As of April 3, the only concrete date is the superintendent’s promise to publish a timeline by ~April 10. The transport consultant engagement has no announced scope or completion date. No school assignment lines, school assignments, bus routes, sibling placement policies, or ride-length parameters have been published. The budget to fund implementation has not been adopted.

Sources of Error

These estimates could be better or worse than stated. The factors most likely to move the numbers, in order of impact:

  1. Route expansion cost is the softest number. It is derived from aggregate per-pupil DOE data, not route-level modeling. The actual cost could be substantially higher or lower. This is the single estimate the transport consultant can most directly replace.

  2. Care gap rates are modeled, not surveyed. The 30% (3-tier) and 85% (4-tier) care-need rates are logistics estimates. Actual rates depend on family work schedules, informal care networks, and the tier decision that has not been made.

  3. The FY25 transport baseline may be anomalous. South Portland’s per-pupil transport costs rose 50.2% in two years (vs. state average of 10.5%). If FY25 is inflated by one-time costs, the route expansion estimate shrinks. Sensitivity analysis using FY23 baseline yields total exposure of $743,220-$1,476,616 (34-98% of savings) instead of $946,449-$1,679,845 (43-112%).

  4. Walkability and sibling rates use national averages.

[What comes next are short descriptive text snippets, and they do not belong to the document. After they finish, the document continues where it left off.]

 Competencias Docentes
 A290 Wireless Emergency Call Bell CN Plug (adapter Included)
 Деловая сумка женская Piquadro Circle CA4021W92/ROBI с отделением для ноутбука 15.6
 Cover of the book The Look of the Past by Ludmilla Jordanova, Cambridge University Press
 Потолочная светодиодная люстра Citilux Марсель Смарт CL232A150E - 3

District-specific data would narrow the split-family and rider count estimates.

  5. Driver cut allocation is unknown. The available pool is 17-20 drivers depending on how many of the 14 SEA cuts affect the driver roster.

  6. Diesel cost escalation is excluded. Flagged at the meeting as significant but unquantified. Any cost estimate here is a floor, not a ceiling.

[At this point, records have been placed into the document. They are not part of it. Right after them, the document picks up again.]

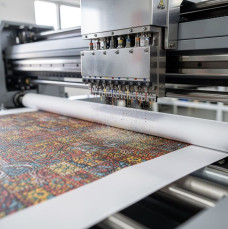 От футболки до штор: какие ткани можно печатать дома на текстильном принтере Nassenger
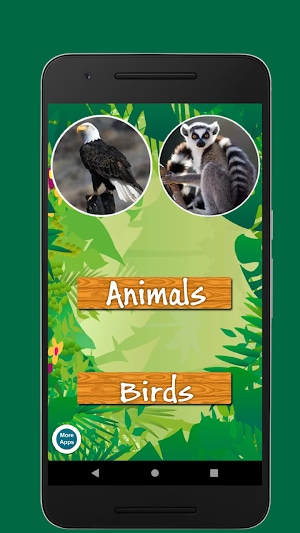 100 Animals and Birds Sound Screenshot 1
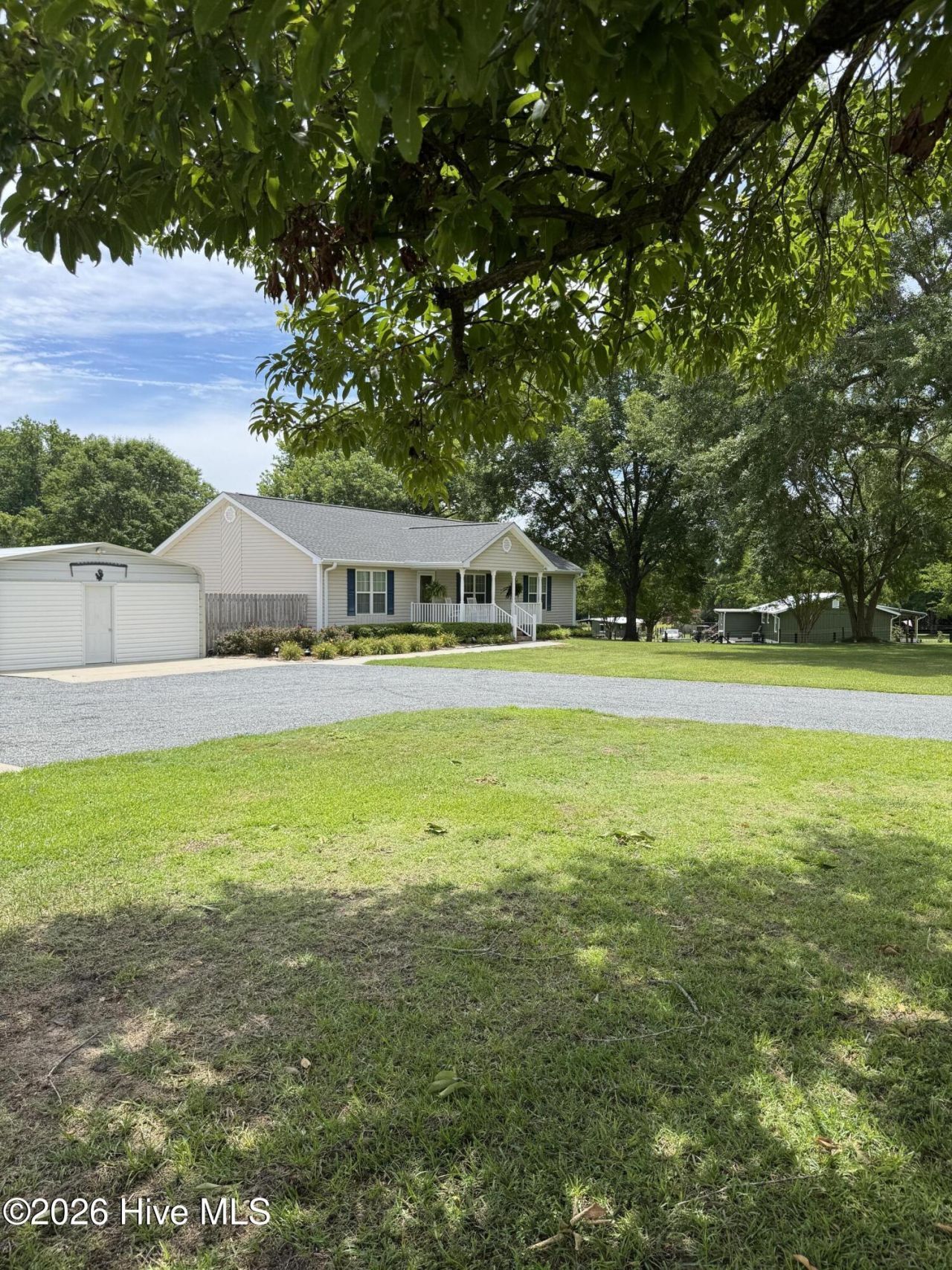 1237 Airport Road, Hamlet, NC 28345 Main Photo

All figures are order-of-magnitude estimates. The actual values could fall outside the stated ranges. Every estimate can be replaced with data the district possesses or will generate through the transport consultant engagement.

Data Sources

Data PointSource
Driver count (20)Director of Operations Mike Natalie, 3/30/2026 BoE meeting
Driver injuries and attritionBus driver/union rep Jen Lauard, 4/2/2026 BoE meeting
Driver schedule (7 AM-4 PM)3/30/2026 meeting
Diesel cost concernBoard member Feller + Dir. of Operations, 3/30/2026 meeting
Transport consultant engagedSuperintendent, 4/2/2026 meeting (confirmed “working with”)
Portland bus contract (2017 rates)Director of Operations Nally, 4/2/2026 meeting
No boundaries/assignments publishedSuperintendent, 4/2/2026 meeting
Timeline commitment (~April 10)Superintendent, 4/2/2026 meeting
SEA reduction (100 to 86 FTE)FY27 budget documents
Per-pupil transport costsMaine DOE Resident Expenditure Per Pupil, FY23-FY25
Enrollment by gradeNCES Common Core of Data, district redistricting tool
Bell schedulesSPSD website
Care rates and capacitySoPo Kids Club
McKinney-Vento rateDistrict evidence pools (10% of student body)
Split-family methodologyCensus Bureau SIPP sibling rates + grade boundary model

Full methodology: METHODOLOGY.md Configuration comparison: transport-configuration-comparison.md Machine-readable data: data/transport-comparison.json

Disclaimer

This is an independent analysis using publicly available data. It is not affiliated with or endorsed by the South Portland School Department. All figures are order-of-magnitude estimates presented as ranges. The decision has been made. This brief is intended to support implementation planning and community understanding as the district, families, and city work through the next steps. The district’s transport consultant, once their analysis is complete, can validate, correct, or replace every figure here.